とくに、その印象を強く感じたのは、3LのV6エンジンと「CATS」と呼ばれる電子制御アダプタブルダンピングのサスペンションを組み合わせた、3.0スポーツだった。タイヤと路面がきわめて滑らかに接地している感覚が印象的だ。しかも、ボディはフラットライドで、スポーツというサブネームが与えられてはいるものの、その乗り味は高級車らしい。
一方、ハンドリングに関してはハードなコーナリングを試みてはいないが、素直にロールを発生させつつ、シャープな旋回性能を満喫できるものだった。CATSとは「猫足」を重ね合わせた略称であることは明らか。ジャガーの乗り味を代表する言葉として長らく使われてきた「猫足」だが、そのテイストを味わうのに最適なものに仕上がっていた。「ジャガーらしい、しっとりとした乗り味とドライバビリティの両立」を徹底的に追求したという。
そんな優れた乗り味を実現したのは、単純にサスペンションのセッティングを変更したり、電子デバイスに頼ったためではない。前後のサスペンションはメンバー部分からすべて刷新され、ジオメトリーからして大きく変わっている。アルミニウムの鍛造部品やマグネシウム合金などの高価な部材を惜しげもなく採用しており、マイナーチェンジ前の揶揄を払拭すべく、いわば「徹底的にやり直した結果」なのだ。

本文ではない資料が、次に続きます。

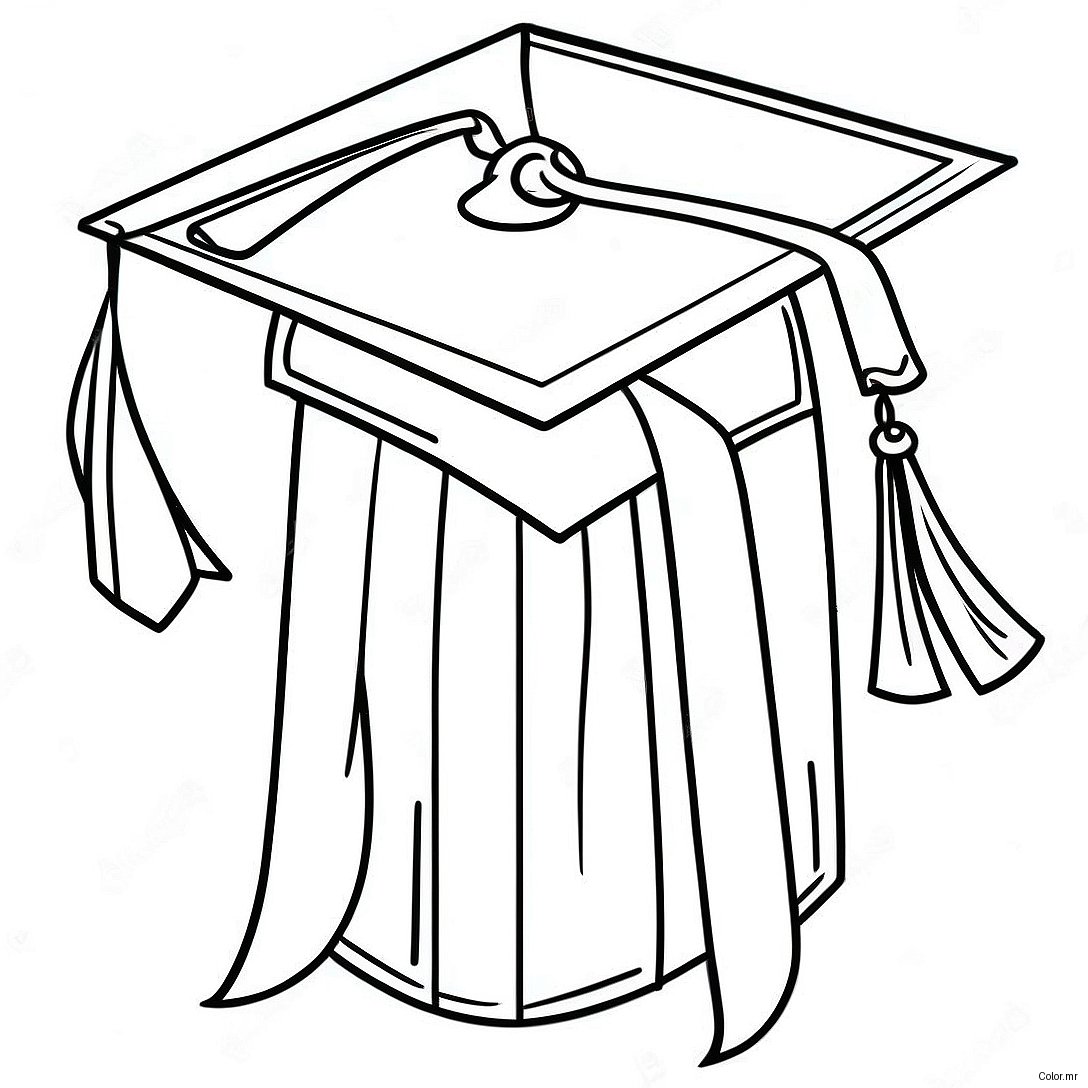 Kindergarten Graduation Cap And Gown Coloring Page 9346 7632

こうした取り組みは、もちろん新投入された2.5LのV6、ラグジュアリー志向の強い標準仕様である3LのV6、そして排気量を拡大して4.2LとなったV8にも着実に反映されている。そしてトップエンドには406psを発生する「R」が控える。組み合わされるトランスミッションは、いずれもZF勢の6速AT。レスポンスの良さはもちろん、従来型の5速よりも単体重量では軽く仕上がっている。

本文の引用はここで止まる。